_What this task involves:_ Show each line from the listing that includes the word "with".

-- Extracted entries follows --

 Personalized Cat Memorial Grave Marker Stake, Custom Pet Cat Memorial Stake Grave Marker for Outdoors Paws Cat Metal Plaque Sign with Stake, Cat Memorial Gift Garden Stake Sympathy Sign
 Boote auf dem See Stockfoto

-- Extracted entries concluded --
-- Extracted entries follows --

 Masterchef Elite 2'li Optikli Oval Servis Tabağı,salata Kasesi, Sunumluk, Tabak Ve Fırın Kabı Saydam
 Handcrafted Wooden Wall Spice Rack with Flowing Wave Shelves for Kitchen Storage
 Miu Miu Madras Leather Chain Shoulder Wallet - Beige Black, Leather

-- Extracted entries concluded --
-- Extracted entries follows --

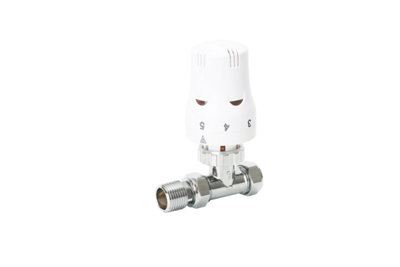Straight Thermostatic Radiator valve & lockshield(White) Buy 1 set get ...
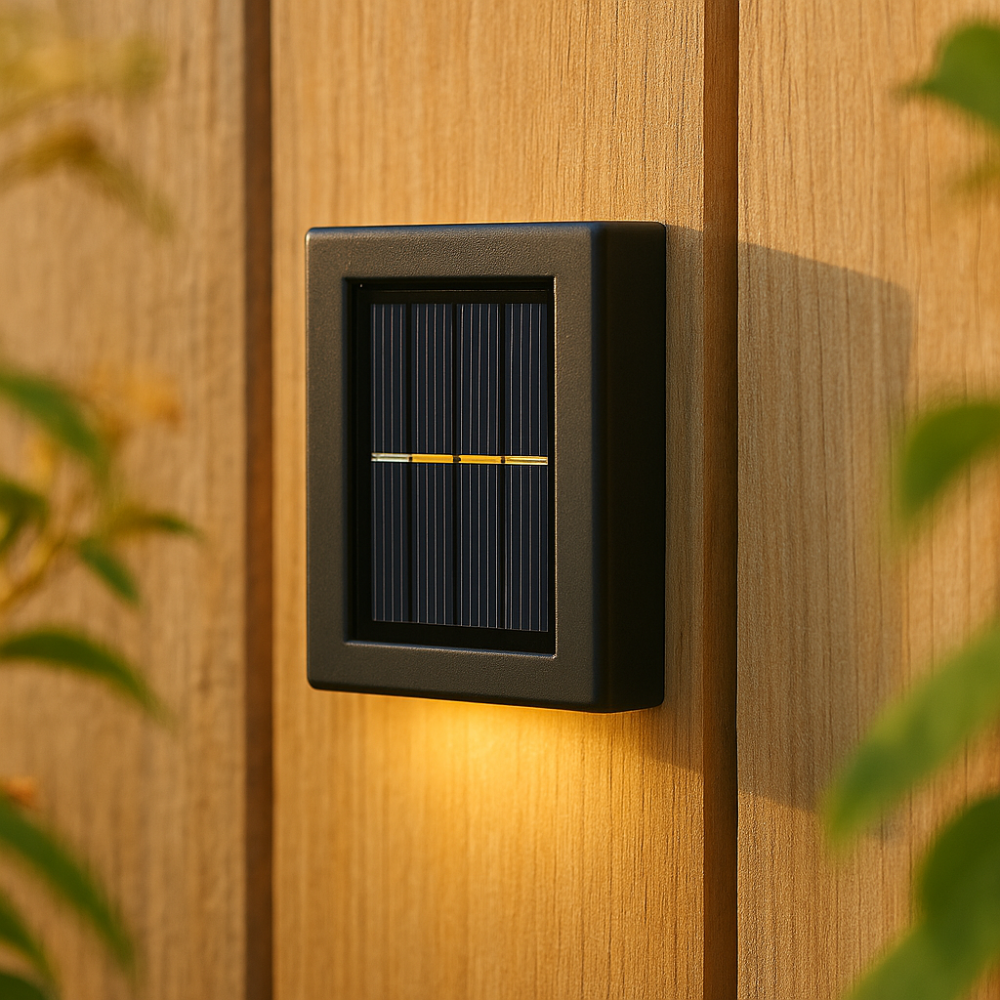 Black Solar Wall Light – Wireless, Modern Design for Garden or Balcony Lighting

-- Extracted entries concluded --

_Written solution:_
 Personalized Cat Memorial Grave Marker Stake, Custom Pet Cat Memorial Stake Grave Marker for Outdoors Paws Cat Metal Plaque Sign with Stake, Cat Memorial Gift Garden Stake Sympathy Sign
 Handcrafted Wooden Wall Spice Rack with Flowing Wave Shelves for Kitchen Storage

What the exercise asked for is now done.